Tous ceux qui ont vu, au moment de sa sortie, en 1982, ou après, le génial film de Ridley Scott, Blade Runner, ne peuvent avoir oublié cette formidable métaphore de la condition humaine, dans laquelle un policier de Los Angeles traque des androïdes pratiquement indiscernables des humains, des « réplicants » à durée de vie limitée, fabriqués pour remplacer les hommes dans les tâches pénibles, qui se sont révoltés et tuent les humains quand ils sont repérés. Parmi eux, des êtres si proches de nous que des humains en tombent amoureux, ou qu’eux-mêmes refusent de croire qu’ils ne sont pas humains.
On se souvient moins que l’action de ce film est supposée se dérouler exactement aujourd’hui, à la fin de l’année 2019. Et que bien des choses que l’on y voit étaient prémonitoires : des espèces animales ayant entièrement disparu, un environnement extrêmement pollué, des villes où se mêlent des taudis pour le peuple et de très grands immeubles pour les riches ; des panneaux publicitaires envahissants (pour des entreprises ayant, pour certaines d’entre elles, fait faillite depuis lors).
Certaines prévisions ne sont pas réalisées pour l’instant : il n’y a pas encore d’androïdes génétiques ni de voitures volantes, et rien n’est fait pour inciter les humains à émigrer vers des planètes qui seraient plus vivables.

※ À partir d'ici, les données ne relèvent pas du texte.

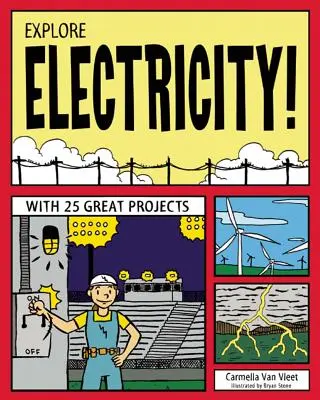 Preskúmajte elektrinu! - Explore Electricity!
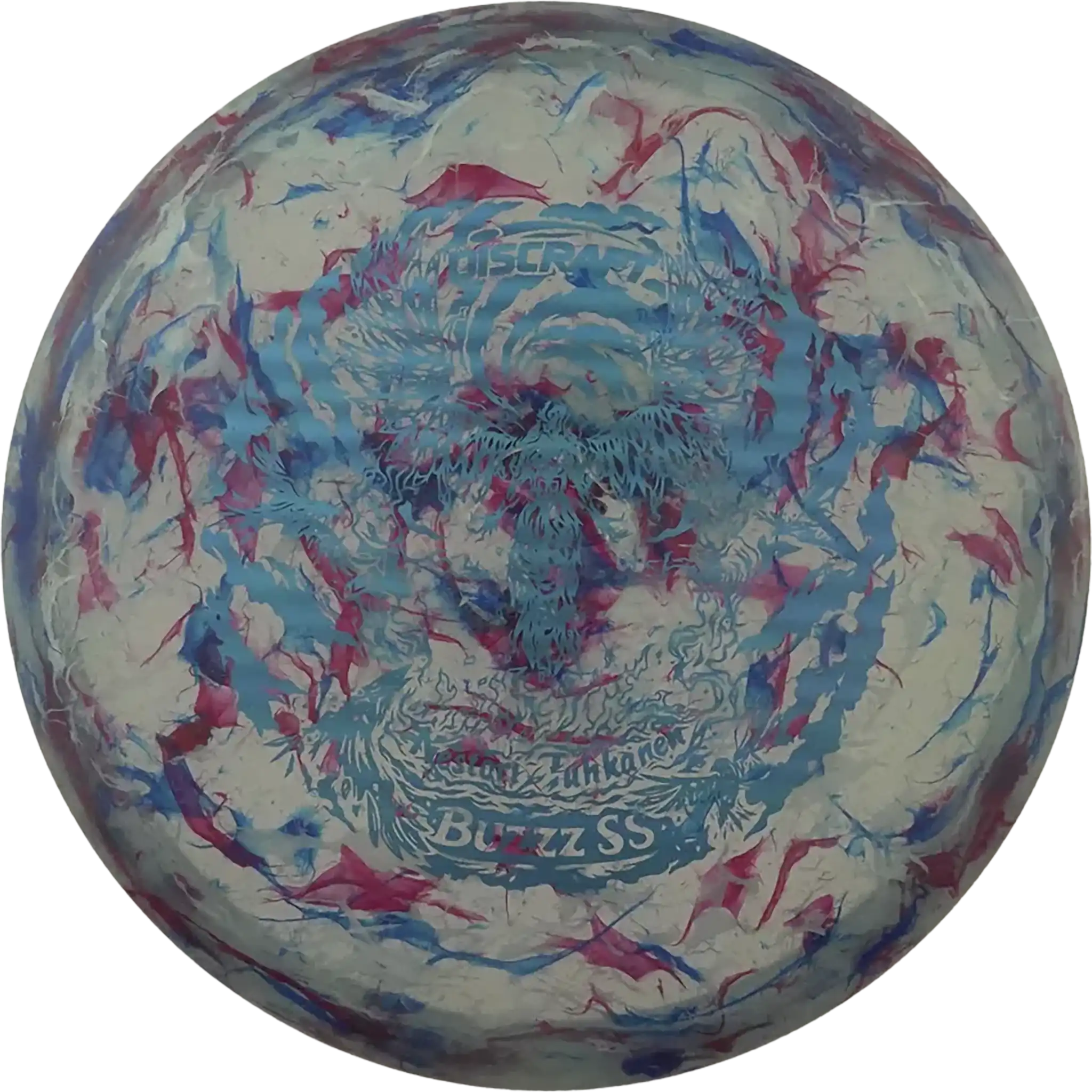 Jawbreaker Z FLX Buzzz SS - Nestori Tuhkanen 2026 Signature Series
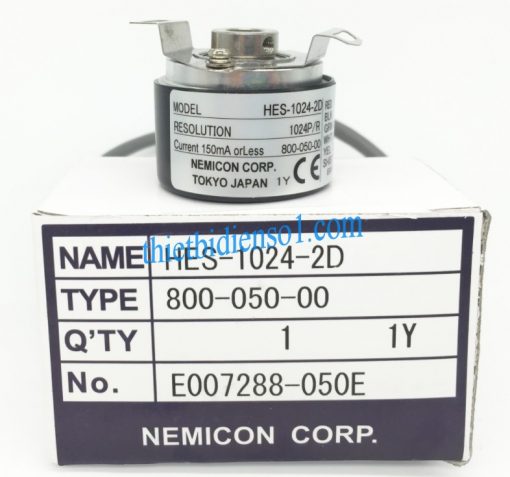 Encoder-Nemicon HES-003-2MHT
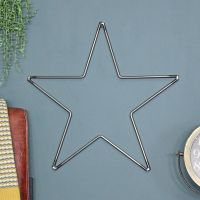Steel Farringdon Star Wall Art Steel Farringdon Star Wall Art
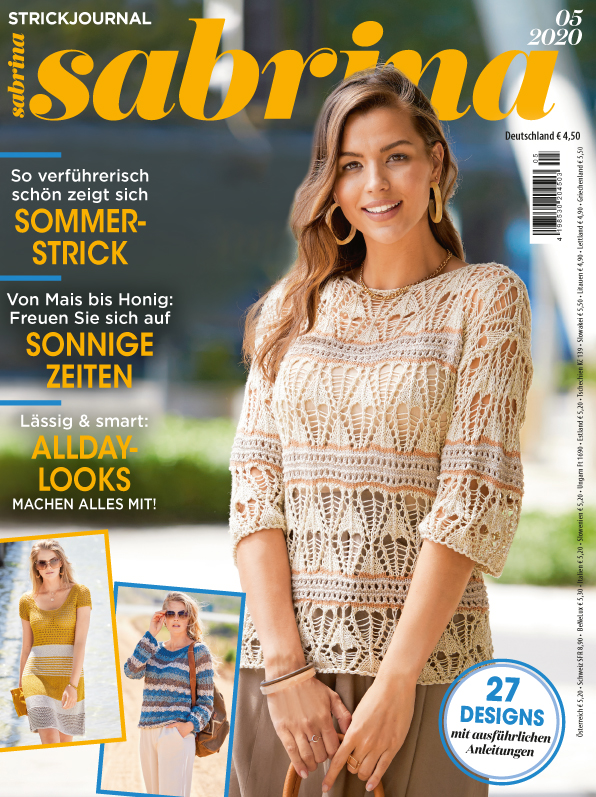 Sparpaket Produktbild: 2 Handarbeitszeitschriften statt Euro 9,80 nur Euro 4,90 zum Spartarif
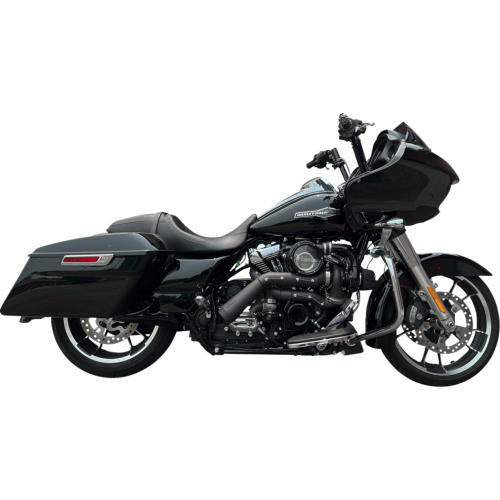 PartzBiz HD: 4402172-Trask TM-7600-BK ชุดแต่ง All Black Tornado Turbo Performance สำหรับ Harley M8 Milwaukee 8 | TM-7600-BK PartzBiz HD: 4402172-Trask TM-7600-BK ชุดแต่ง All Black Tornado Turbo Performance สำหรับ Harley M8 Milwaukee 8 | TM-7600-BK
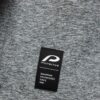 Midlayer Herren P-Flash Fury in Gunmetal, Detailansicht 2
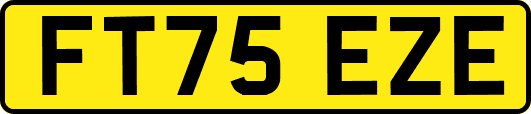 FT75EZE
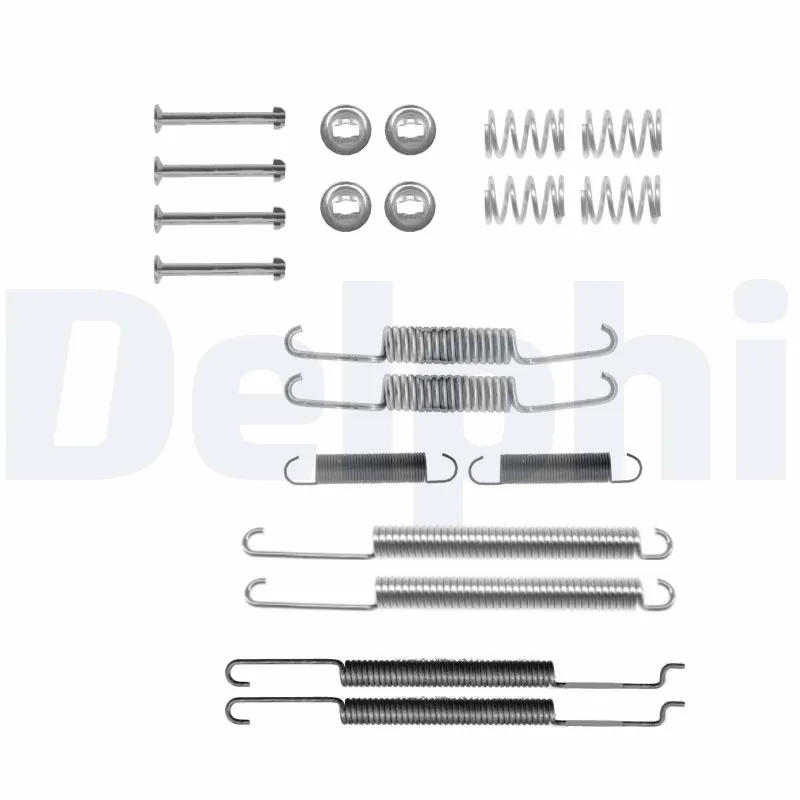 Accessory Kit, brake shoes LY1206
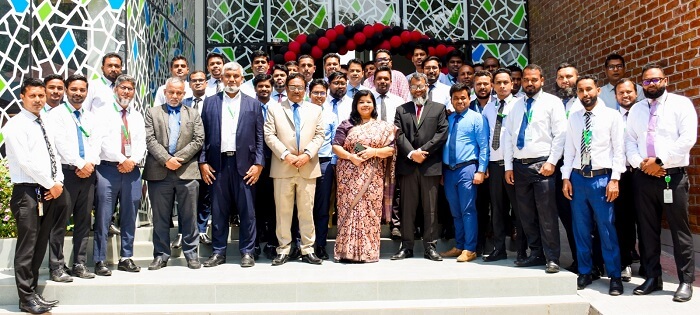 এনআরবিসি ব্যাংকে জেনারেল ব্যাংকিং ও ক্ষুদ্র ঋণ বিষয়ক আউটরিচ প্রশিক্ষণ অনুষ্ঠিত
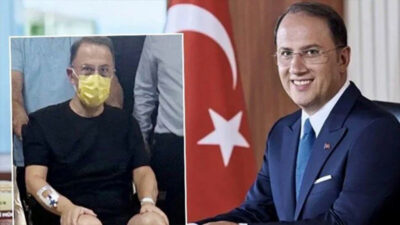 Murat Çalık hakkında yeni gelişme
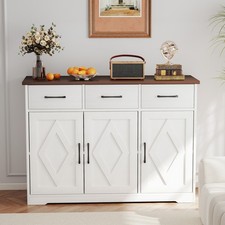 Farmhouse Buffet Sideboard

Même si ce film est aujourd’hui considéré comme un des grands classiques de l’histoire du cinéma, le message qu’il véhicule et le cri d’alarme qu’il a lancé n’ont pas été entendus. Pourtant tout se met en place pour que le monde à venir ressemble à ce qu’il décrit.
Ce film n’est qu’un exemple, parmi d’autres, de la façon dont les artistes tentent depuis toujours d’imaginer l’avenir, et de nous dire ce qu’il faut en craindre et en espérer. Ils le font de diverses façons, certaines plus efficaces que d’autres. La littérature et le cinéma sont particulièrement intéressés par la délivrance de ces messages. L’art plastique, lui, a moins exploré cet univers, et s’est montré plus occupé, en général, à décrire, à réinventer, le passé et le présent. Tandis qu’une partie de l’art contemporain est avant tout soucieuse de dénoncer le vide de notre société et la futilité du monde, parfois à travers sa propre futilité, comme le fait aujourd’hui, après tant d’autres, le grand artiste italien Maurizio Cattelan, avec cette banane scotchée au mur du stand de sa galerie lors de la foire d’art contemporain Art Basel à Miami.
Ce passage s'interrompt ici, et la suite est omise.